### Task item
In your answer, print each of the records below exactly.

### Extracted records
■ ■ ■ ■ ■
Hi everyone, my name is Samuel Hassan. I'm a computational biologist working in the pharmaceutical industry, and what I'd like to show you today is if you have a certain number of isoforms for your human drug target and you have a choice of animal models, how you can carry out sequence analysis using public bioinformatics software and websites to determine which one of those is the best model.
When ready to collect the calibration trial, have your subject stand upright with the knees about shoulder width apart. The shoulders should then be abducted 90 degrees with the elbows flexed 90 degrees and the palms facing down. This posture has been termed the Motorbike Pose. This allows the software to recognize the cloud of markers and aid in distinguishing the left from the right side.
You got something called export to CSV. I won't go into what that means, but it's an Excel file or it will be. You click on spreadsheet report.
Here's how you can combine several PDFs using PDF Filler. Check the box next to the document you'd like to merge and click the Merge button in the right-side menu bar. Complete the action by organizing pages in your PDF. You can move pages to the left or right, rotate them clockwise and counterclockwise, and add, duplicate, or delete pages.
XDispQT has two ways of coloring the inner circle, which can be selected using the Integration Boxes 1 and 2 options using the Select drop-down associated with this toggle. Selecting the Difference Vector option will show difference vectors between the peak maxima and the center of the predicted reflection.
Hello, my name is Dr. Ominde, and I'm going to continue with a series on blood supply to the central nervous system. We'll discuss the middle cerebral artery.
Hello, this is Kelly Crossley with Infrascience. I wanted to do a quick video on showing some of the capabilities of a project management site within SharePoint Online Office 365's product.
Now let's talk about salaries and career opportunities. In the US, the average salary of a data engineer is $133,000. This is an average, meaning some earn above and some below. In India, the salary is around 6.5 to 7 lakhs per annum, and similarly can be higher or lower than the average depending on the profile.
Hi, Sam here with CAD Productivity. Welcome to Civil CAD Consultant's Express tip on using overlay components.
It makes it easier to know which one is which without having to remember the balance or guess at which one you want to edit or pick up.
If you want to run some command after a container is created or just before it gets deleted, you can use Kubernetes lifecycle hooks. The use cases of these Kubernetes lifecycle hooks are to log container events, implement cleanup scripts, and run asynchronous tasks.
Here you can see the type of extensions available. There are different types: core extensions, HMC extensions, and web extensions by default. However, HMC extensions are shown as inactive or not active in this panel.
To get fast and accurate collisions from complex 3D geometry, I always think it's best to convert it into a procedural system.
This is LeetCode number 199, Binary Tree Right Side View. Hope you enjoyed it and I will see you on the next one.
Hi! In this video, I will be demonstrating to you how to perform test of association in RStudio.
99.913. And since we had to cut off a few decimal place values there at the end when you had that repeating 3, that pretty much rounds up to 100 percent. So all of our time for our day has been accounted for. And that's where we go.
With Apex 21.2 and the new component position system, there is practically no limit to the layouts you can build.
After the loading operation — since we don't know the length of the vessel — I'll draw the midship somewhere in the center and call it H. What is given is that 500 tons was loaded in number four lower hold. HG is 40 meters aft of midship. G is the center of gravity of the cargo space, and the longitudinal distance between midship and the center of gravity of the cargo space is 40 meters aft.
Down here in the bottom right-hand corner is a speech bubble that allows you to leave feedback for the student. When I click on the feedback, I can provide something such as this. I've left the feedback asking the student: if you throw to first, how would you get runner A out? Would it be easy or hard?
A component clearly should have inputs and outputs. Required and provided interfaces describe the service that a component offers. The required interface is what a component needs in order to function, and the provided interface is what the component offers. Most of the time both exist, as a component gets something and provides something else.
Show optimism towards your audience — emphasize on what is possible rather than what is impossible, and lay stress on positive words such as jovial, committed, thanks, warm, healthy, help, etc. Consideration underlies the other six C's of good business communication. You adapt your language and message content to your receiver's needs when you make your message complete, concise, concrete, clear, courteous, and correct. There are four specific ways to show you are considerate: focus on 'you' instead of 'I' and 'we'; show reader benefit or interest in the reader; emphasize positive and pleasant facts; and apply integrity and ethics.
■ ■ ■ ■ ■
### Your solution
Hi everyone, my name is Samuel Hassan. I'm a computational biologist working in the pharmaceutical industry, and what I'd like to show you today is if you have a certain number of isoforms for your human drug target and you have a choice of animal models, how you can carry out sequence analysis using public bioinformatics software and websites to determine which one of those is the best model.
When ready to collect the calibration trial, have your subject stand upright with the knees about shoulder width apart. The shoulders should then be abducted 90 degrees with the elbows flexed 90 degrees and the palms facing down. This posture has been termed the Motorbike Pose. This allows the software to recognize the cloud of markers and aid in distinguishing the left from the right side.
You got something called export to CSV. I won't go into what that means, but it's an Excel file or it will be. You click on spreadsheet report.
Here's how you can combine several PDFs using PDF Filler. Check the box next to the document you'd like to merge and click the Merge button in the right-side menu bar. Complete the action by organizing pages in your PDF. You can move pages to the left or right, rotate them clockwise and counterclockwise, and add, duplicate, or delete pages.
XDispQT has two ways of coloring the inner circle, which can be selected using the Integration Boxes 1 and 2 options using the Select drop-down associated with this toggle. Selecting the Difference Vector option will show difference vectors between the peak maxima and the center of the predicted reflection.
Hello, my name is Dr. Ominde, and I'm going to continue with a series on blood supply to the central nervous system. We'll discuss the middle cerebral artery.
Hello, this is Kelly Crossley with Infrascience. I wanted to do a quick video on showing some of the capabilities of a project management site within SharePoint Online Office 365's product.
Now let's talk about salaries and career opportunities. In the US, the average salary of a data engineer is $133,000. This is an average, meaning some earn above and some below. In India, the salary is around 6.5 to 7 lakhs per annum, and similarly can be higher or lower than the average depending on the profile.
Hi, Sam here with CAD Productivity. Welcome to Civil CAD Consultant's Express tip on using overlay components.
It makes it easier to know which one is which without having to remember the balance or guess at which one you want to edit or pick up.
If you want to run some command after a container is created or just before it gets deleted, you can use Kubernetes lifecycle hooks. The use cases of these Kubernetes lifecycle hooks are to log container events, implement cleanup scripts, and run asynchronous tasks.
Here you can see the type of extensions available. There are different types: core extensions, HMC extensions, and web extensions by default. However, HMC extensions are shown as inactive or not active in this panel.
To get fast and accurate collisions from complex 3D geometry, I always think it's best to convert it into a procedural system.
This is LeetCode number 199, Binary Tree Right Side View. Hope you enjoyed it and I will see you on the next one.
Hi! In this video, I will be demonstrating to you how to perform test of association in RStudio.
99.913. And since we had to cut off a few decimal place values there at the end when you had that repeating 3, that pretty much rounds up to 100 percent. So all of our time for our day has been accounted for. And that's where we go.
With Apex 21.2 and the new component position system, there is practically no limit to the layouts you can build.
After the loading operation — since we don't know the length of the vessel — I'll draw the midship somewhere in the center and call it H. What is given is that 500 tons was loaded in number four lower hold. HG is 40 meters aft of midship. G is the center of gravity of the cargo space, and the longitudinal distance between midship and the center of gravity of the cargo space is 40 meters aft.
Down here in the bottom right-hand corner is a speech bubble that allows you to leave feedback for the student. When I click on the feedback, I can provide something such as this. I've left the feedback asking the student: if you throw to first, how would you get runner A out? Would it be easy or hard?
A component clearly should have inputs and outputs. Required and provided interfaces describe the service that a component offers. The required interface is what a component needs in order to function, and the provided interface is what the component offers. Most of the time both exist, as a component gets something and provides something else.
Show optimism towards your audience — emphasize on what is possible rather than what is impossible, and lay stress on positive words such as jovial, committed, thanks, warm, healthy, help, etc. Consideration underlies the other six C's of good business communication. You adapt your language and message content to your receiver's needs when you make your message complete, concise, concrete, clear, courteous, and correct. There are four specific ways to show you are considerate: focus on 'you' instead of 'I' and 'we'; show reader benefit or interest in the reader; emphasize positive and pleasant facts; and apply integrity and ethics.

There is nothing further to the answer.